(Collected data entries)
-=-=-

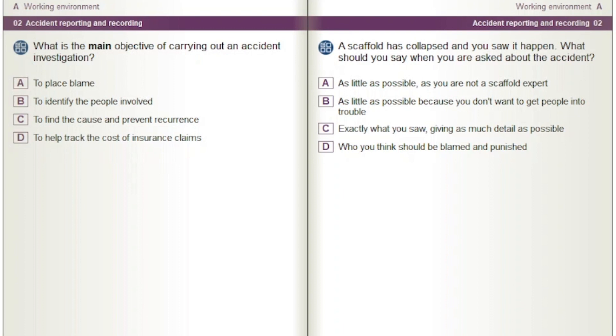A scaffold has collapsed and you saw it happen. What should you say when you are asked about the accident? Options: As little as possible as you are not a scaffold expert. As little as possible because you don't want to get people into trouble. Exactly what you saw, giving as much detail as possible. Who you think should be blamed and punished.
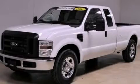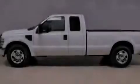This is a 2008 Ford Super Duty. It has what you need for work as well as what you want for play.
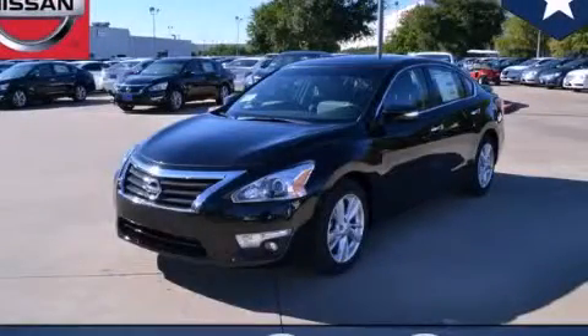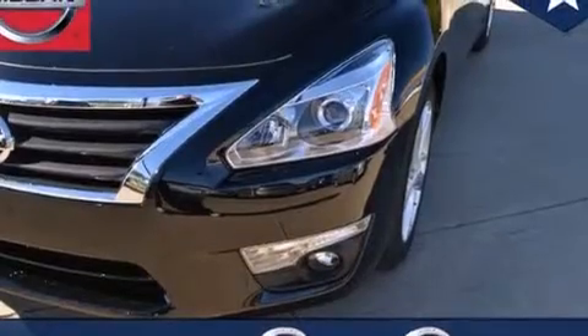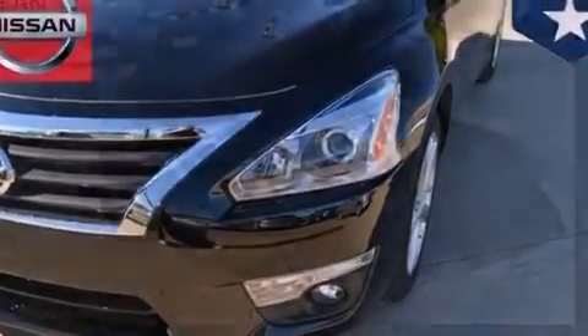This is a brand new 2014 Nissan Altima. It features a 2.5-liter four-cylinder engine and an automatic transmission.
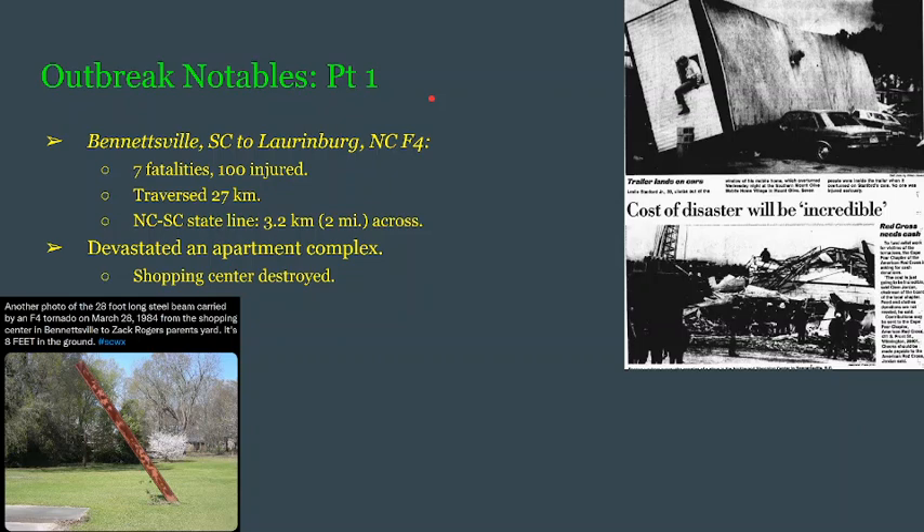The Bennettsville, South Carolina, to Laurenburg, North Carolina, F4 killed seven and injured just around 100 people as it traversed 27 kilometers, which is a relatively short distance, but this is still an F4. Around the Carolinian state line it was estimated to be around 2 miles, or 3.2 kilometers, across — an absolute monster. This tornado devastated an apartment complex and completely destroyed a shopping center. In fact, there's a steel beam from that shopping center — just 20 feet of it above the ground because it is 8 feet into the earth. That's a javelin for a tornado.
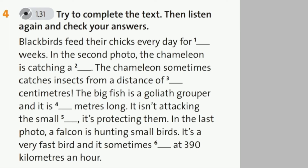Now try to complete the text, then listen again and check your answers.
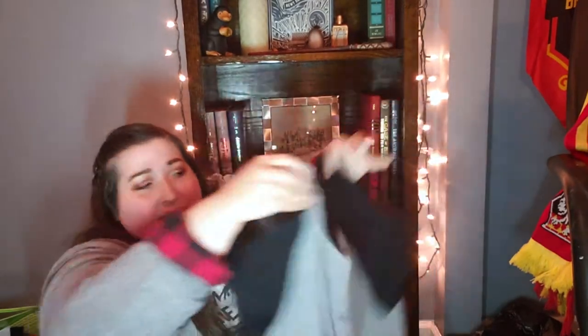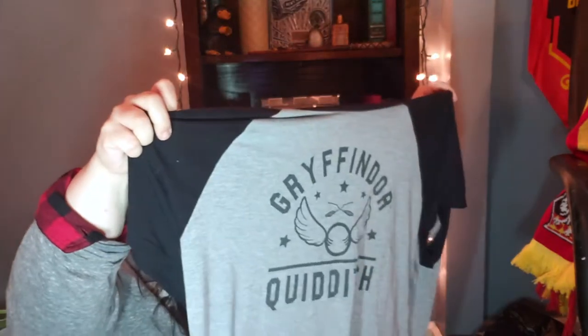One more practice shirt for the Quidditch pitch. And this one — you can't really see here — but on the back it says Gryffindor Quidditch, same logo. But on the front little pocket here, it says Team Captain, because I am the Team Captain, if you didn't know.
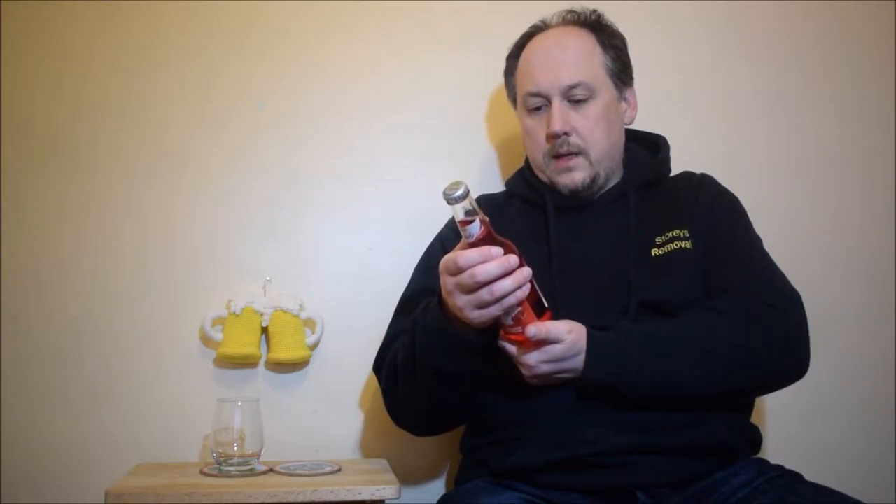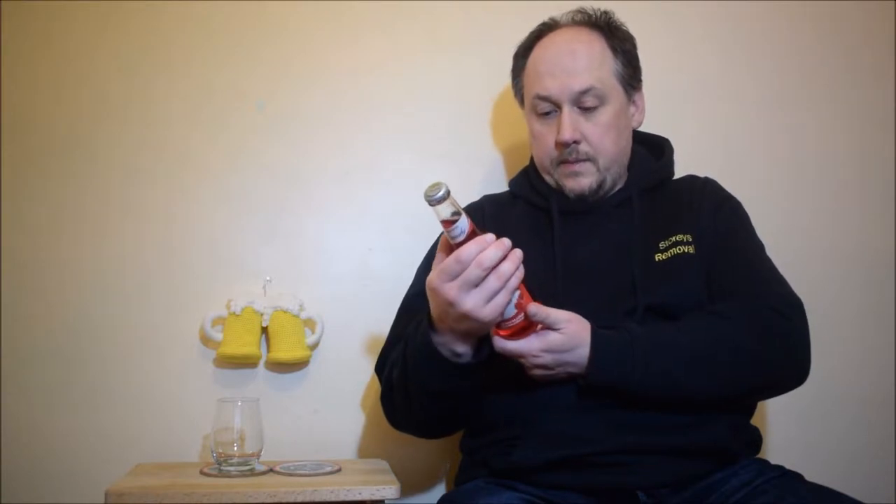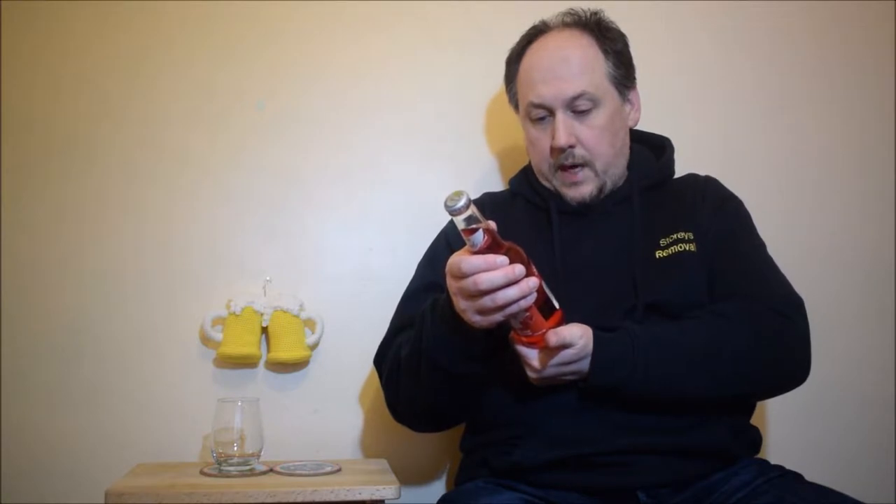Ingredients: water, beer, sugar, artificial sorrel flavour, certified colour, red number 40, citric acid. Brewed and bottled by Kalb Brewery, Trinidad.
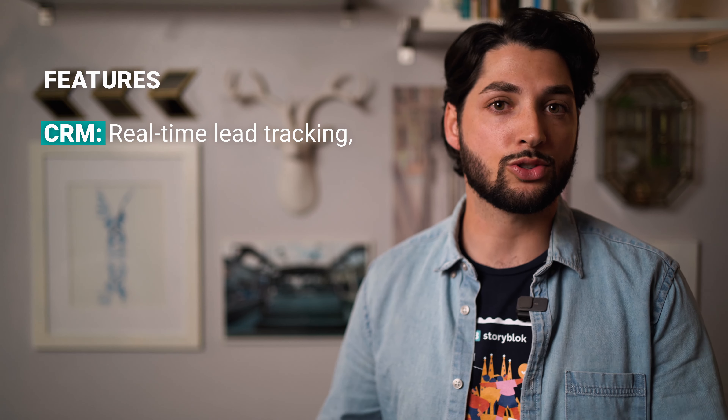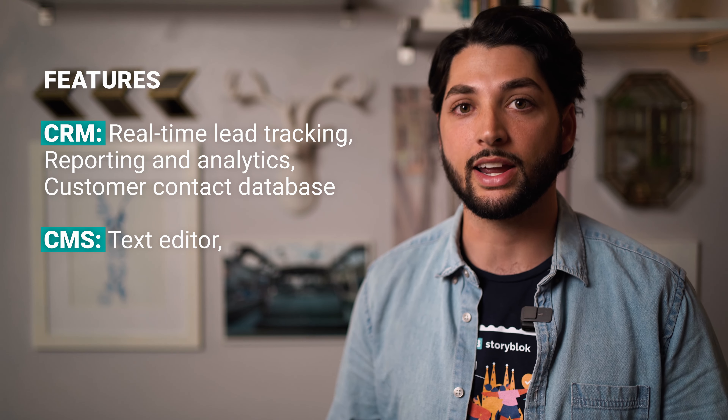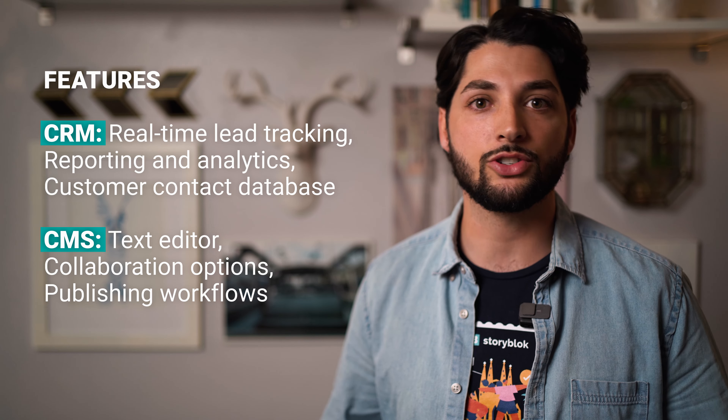Let's take a closer look at the differences. A CRM has features that help you collect, store, and use customer data. A CMS has features that help you create content and distribute it to your audiences.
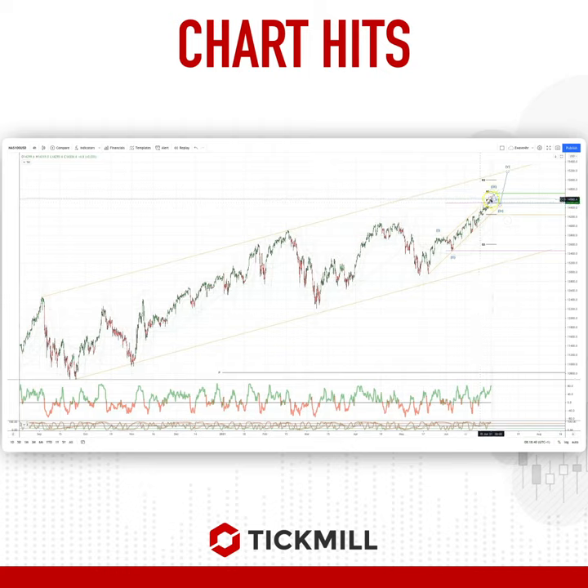I'm looking for prices, whilst we hold above the pivot at 14,500, to extend up into daily/weekly range resistance at 14,700.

-=-=-

Task objective: An exact copy of every line above is needed, without the images.

Reply to the exercise:
A scaffold has collapsed and you saw it happen. What should you say when you are asked about the accident? Options: As little as possible as you are not a scaffold expert. As little as possible because you don't want to get people into trouble. Exactly what you saw, giving as much detail as possible. Who you think should be blamed and punished.
This is a 2008 Ford Super Duty. It has what you need for work as well as what you want for play.
This is a brand new 2014 Nissan Altima. It features a 2.5-liter four-cylinder engine and an automatic transmission.
The Bennettsville, South Carolina, to Laurenburg, North Carolina, F4 killed seven and injured just around 100 people as it traversed 27 kilometers, which is a relatively short distance, but this is still an F4. Around the Carolinian state line it was estimated to be around 2 miles, or 3.2 kilometers, across — an absolute monster. This tornado devastated an apartment complex and completely destroyed a shopping center. In fact, there's a steel beam from that shopping center — just 20 feet of it above the ground because it is 8 feet into the earth. That's a javelin for a tornado.
Now try to complete the text, then listen again and check your answers.
One more practice shirt for the Quidditch pitch. And this one — you can't really see here — but on the back it says Gryffindor Quidditch, same logo. But on the front little pocket here, it says Team Captain, because I am the Team Captain, if you didn't know.
Ingredients: water, beer, sugar, artificial sorrel flavour, certified colour, red number 40, citric acid. Brewed and bottled by Kalb Brewery, Trinidad.
Let's take a closer look at the differences. A CRM has features that help you collect, store, and use customer data. A CMS has features that help you create content and distribute it to your audiences.
I'm looking for prices, whilst we hold above the pivot at 14,500, to extend up into daily/weekly range resistance at 14,700.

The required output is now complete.